- Developer: Arxel Tribe
- Publisher: Wanadoo Edition
- Platform: Windows
- Release: 1 June 2001

= Casanova: The Duel of the Black Rose =

2001 action adventure video game

Casanova: The Duel of the Black Rose is a 2001 video game.

== Plot ==
The game revolves around the hijinks of swashbuckling rogue Giacomo Casanova in Venice, Italy during the Enlightenment Era.

== Gameplay ==
The interface using the keyboard and mouse. Players control the character movement using the arrow keys. They aim and fire their crossbow with the mouse. Adventure puzzles are solved through an inventory of items and character conversations.

The game contains a "seduction-based interface".

== Production ==
The game's Lead Game Designer was Bostjan Troha. Arxel Tribe invested $2m to finance the project, though company founder Guillaume de Fondaumière commented that developers in the United States might pay twice that; this meant they had to sell 500,000 to 2 million copies to break even.

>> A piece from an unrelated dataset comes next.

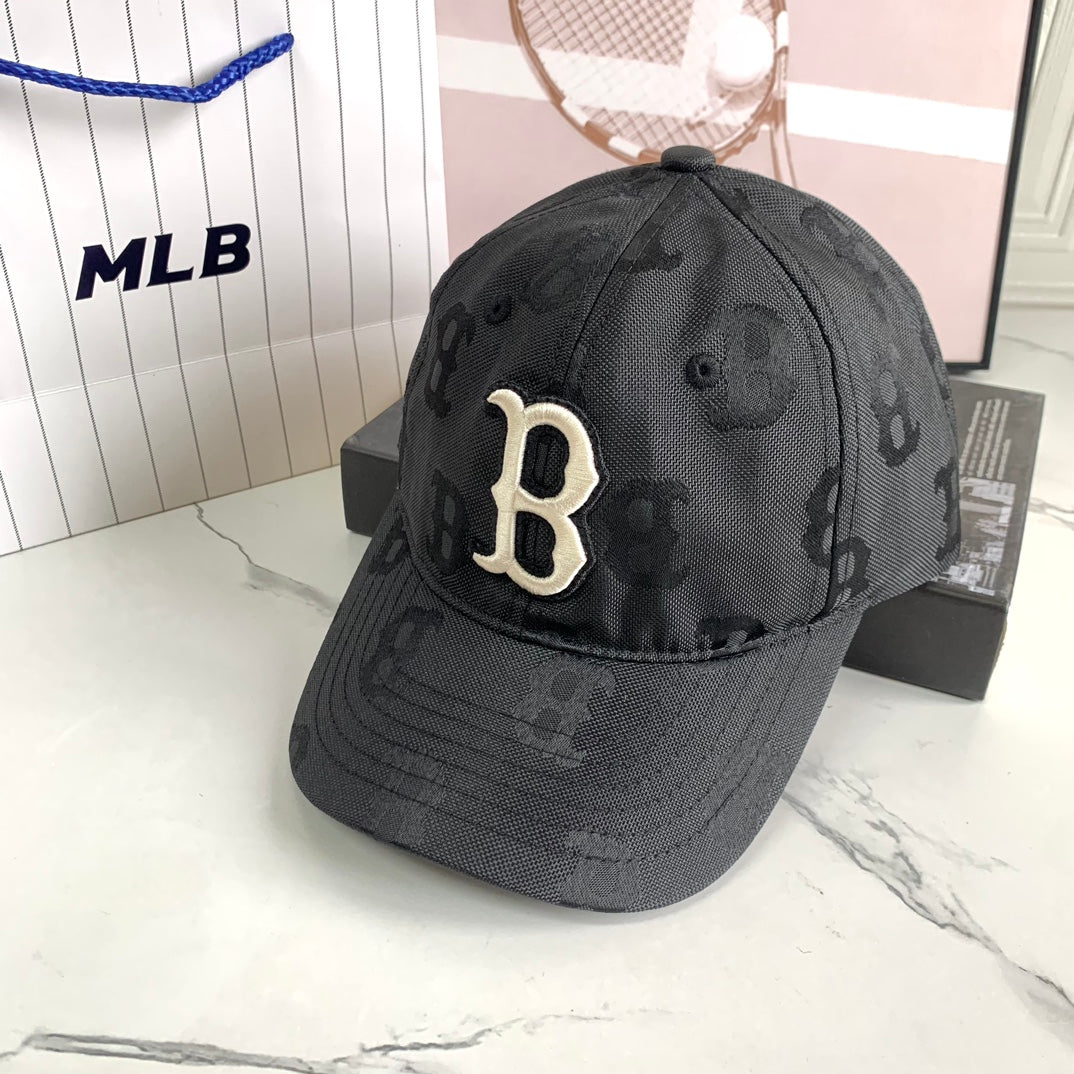 14A211M   Fashionable high quality Hats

By August 2001, Arxel Tribe was finishing up production of the title which was scheduled for European release in September by Wanadoo, however no US publisher or release date had yet been announced.

The game was released on April 16, 2003 in Poland. It was distributed in the Czech Republic by Dynamic Systems.

== Critical reception ==
Pilou of JeuxVideo said that while the game didn't live up to its contemporaries from a technical perspective, it was commendable for being based on an original concept. Adam Rodman of Just Adventure thought the game would appeal to male players who wanted to virtually charm female characters, but asserted that it didn't offer quality adventure gaming. 4Players deemed it a very conservative, unoriginal adventure. Multiplayer thought Casanova was a ridiculously amusing name for a video game. Przygodoskop noted the game's renaissance soundtrack. Igromania felt that the game was a middling project, but better than the work coming from Arxel Tribe and Wanadoo. Gamesurf felt the sound was the weakest quality of the game. Evolver felt the game's combat was instigated by plot contrivances. Sector thought the game had an interesting conclusion. Tiscali said that the experience felt like "walking through the game" without anything challenging or interesting happening.